# GIVEN RECORDS
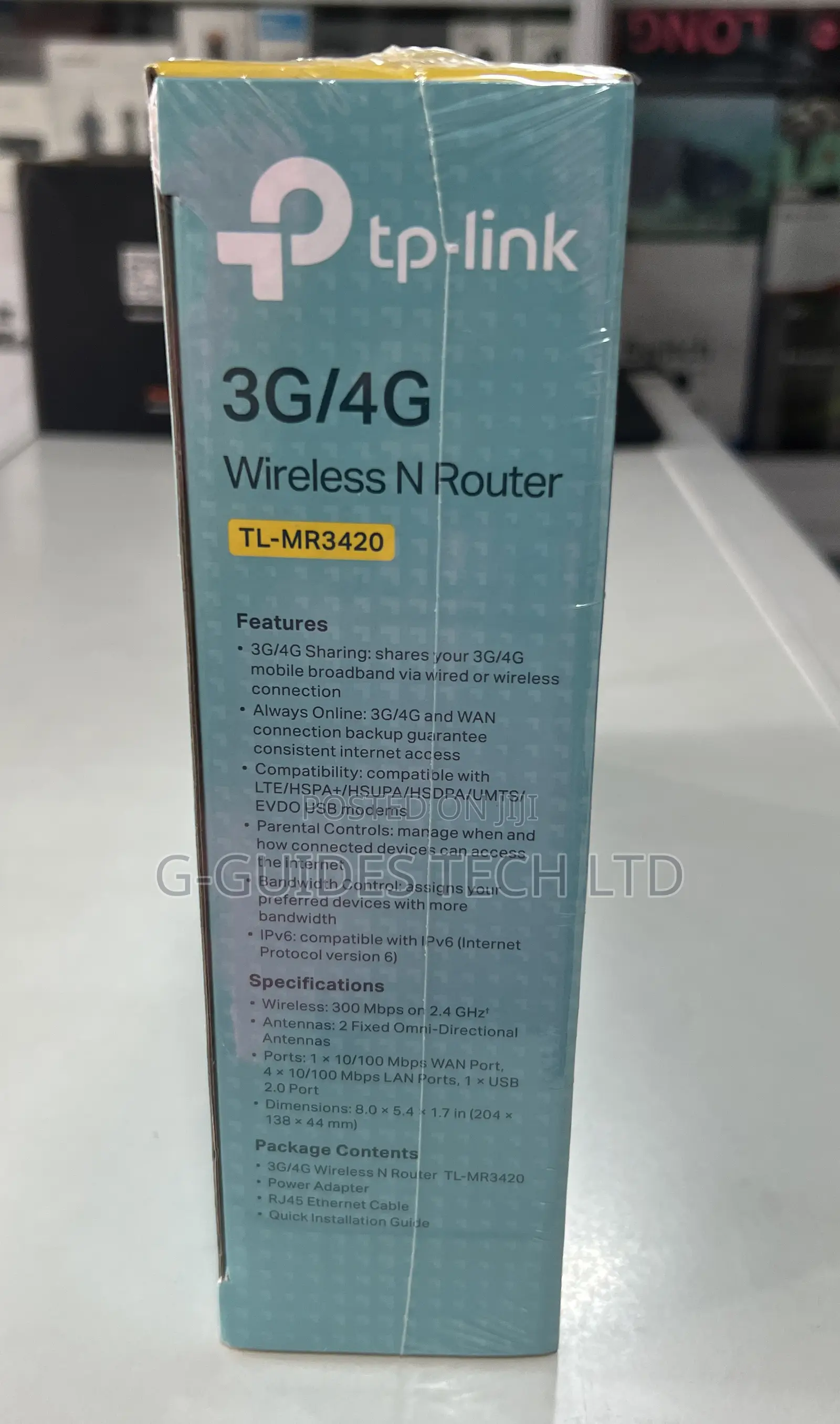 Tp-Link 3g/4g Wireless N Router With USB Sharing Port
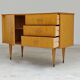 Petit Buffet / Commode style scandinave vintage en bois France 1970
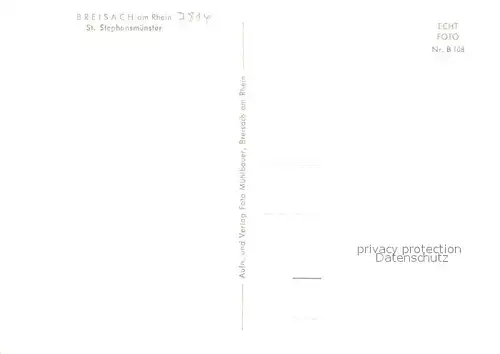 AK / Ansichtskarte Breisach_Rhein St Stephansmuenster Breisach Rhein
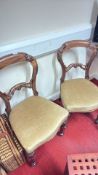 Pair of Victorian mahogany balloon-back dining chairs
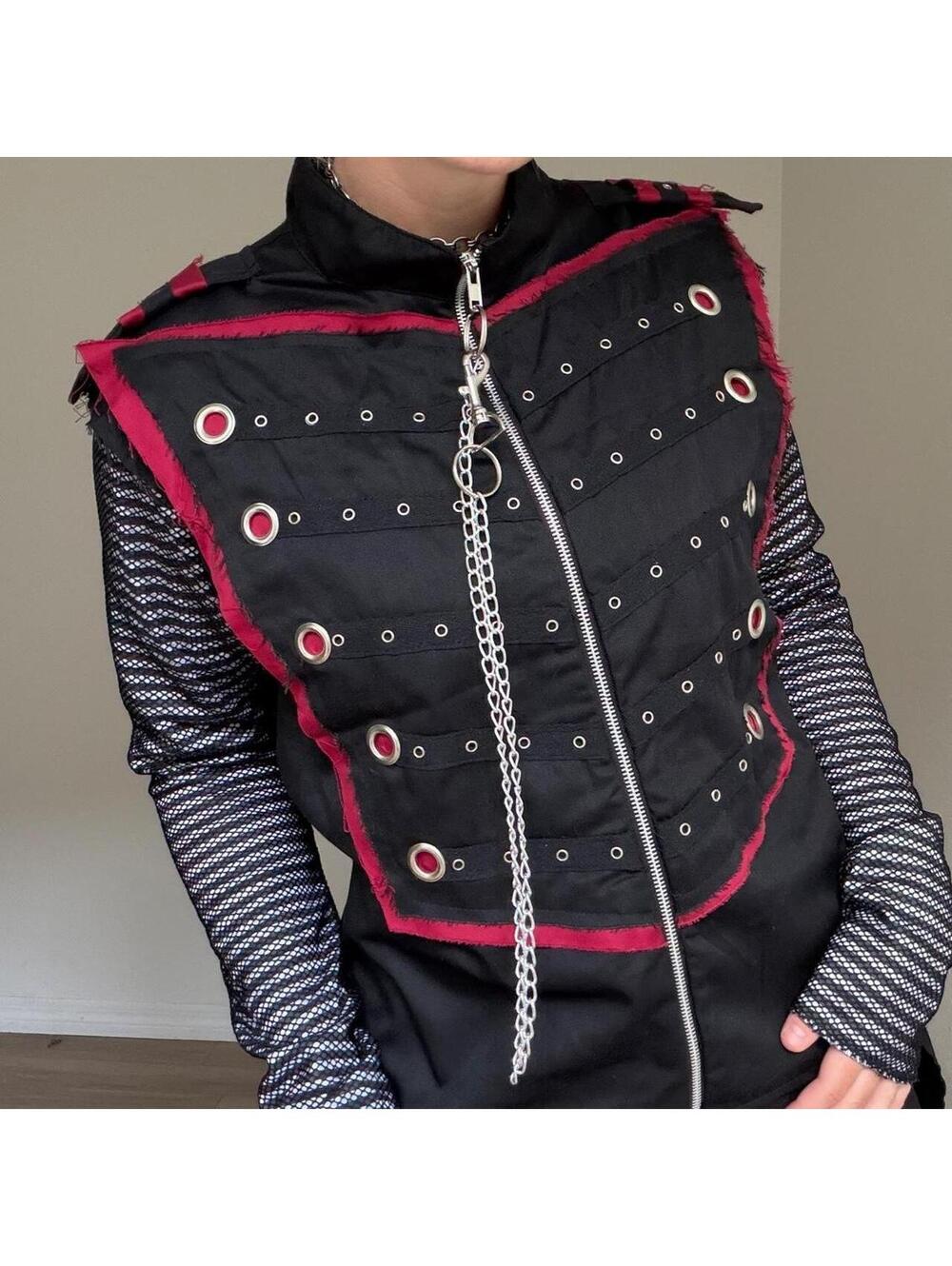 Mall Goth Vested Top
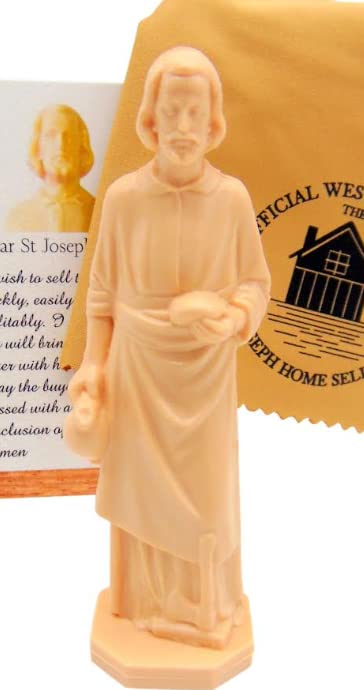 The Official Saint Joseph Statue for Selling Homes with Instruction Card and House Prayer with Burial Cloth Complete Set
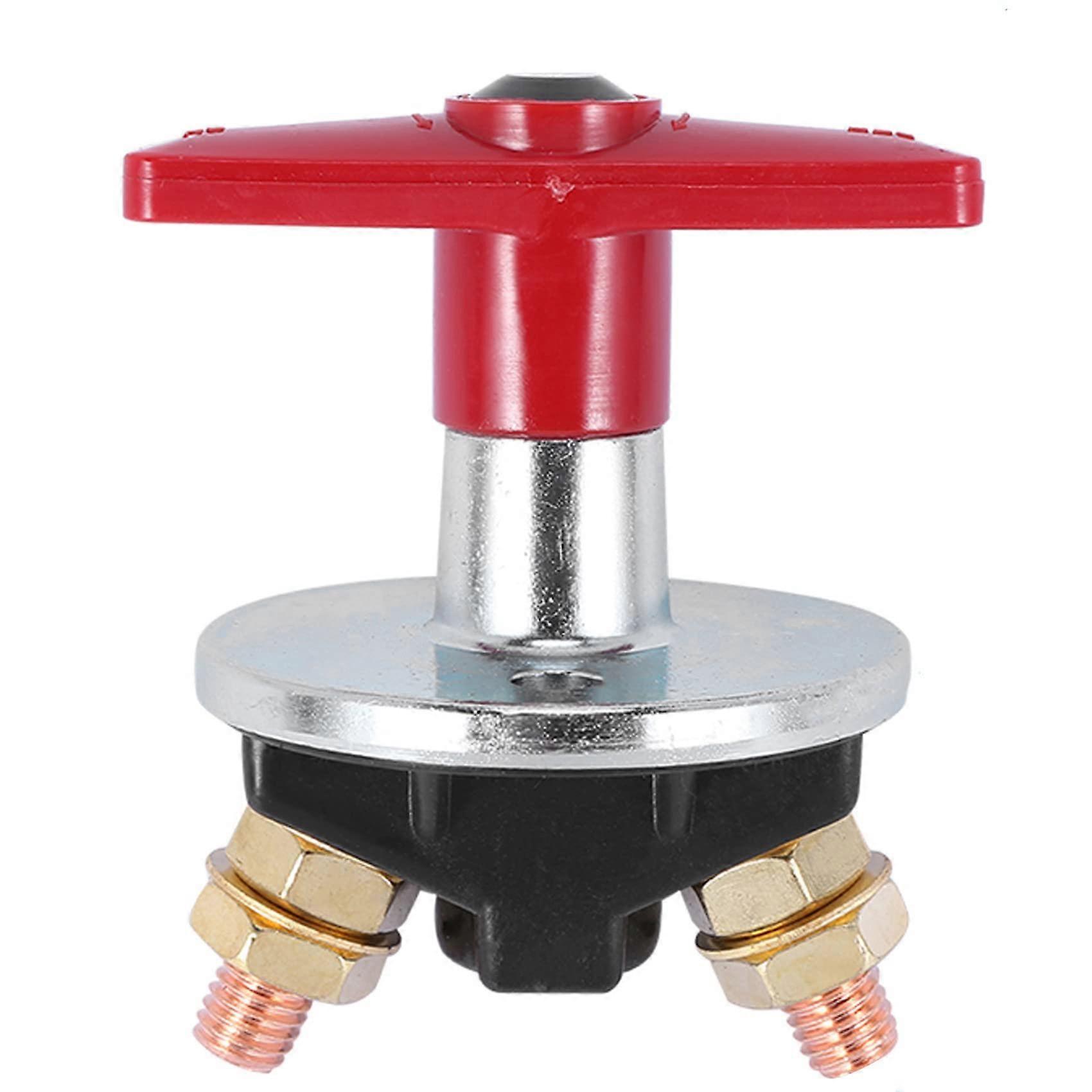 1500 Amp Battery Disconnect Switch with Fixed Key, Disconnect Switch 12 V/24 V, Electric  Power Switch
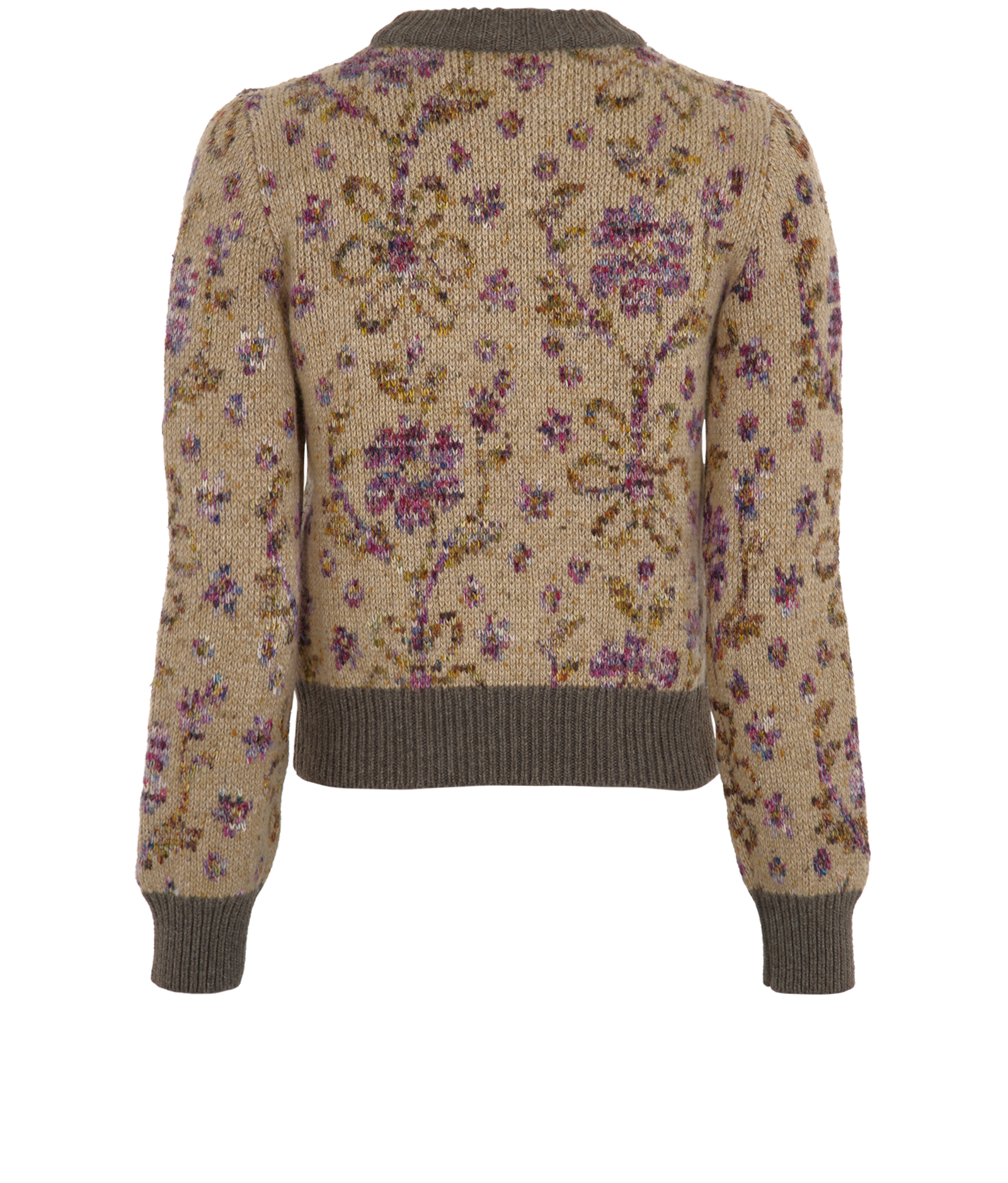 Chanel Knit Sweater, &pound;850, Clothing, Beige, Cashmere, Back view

# TASK TO COMPLETE
A word-for-word copy of the listing is needed. It must not include the pictures.

# SOLUTION TO THIS EXERCISE
 Tp-Link 3g/4g Wireless N Router With USB Sharing Port
 Petit Buffet / Commode style scandinave vintage en bois France 1970
 AK / Ansichtskarte Breisach_Rhein St Stephansmuenster Breisach Rhein
 Pair of Victorian mahogany balloon-back dining chairs
 Mall Goth Vested Top
 The Official Saint Joseph Statue for Selling Homes with Instruction Card and House Prayer with Burial Cloth Complete Set
 1500 Amp Battery Disconnect Switch with Fixed Key, Disconnect Switch 12 V/24 V, Electric  Power Switch
 Chanel Knit Sweater, &pound;850, Clothing, Beige, Cashmere, Back view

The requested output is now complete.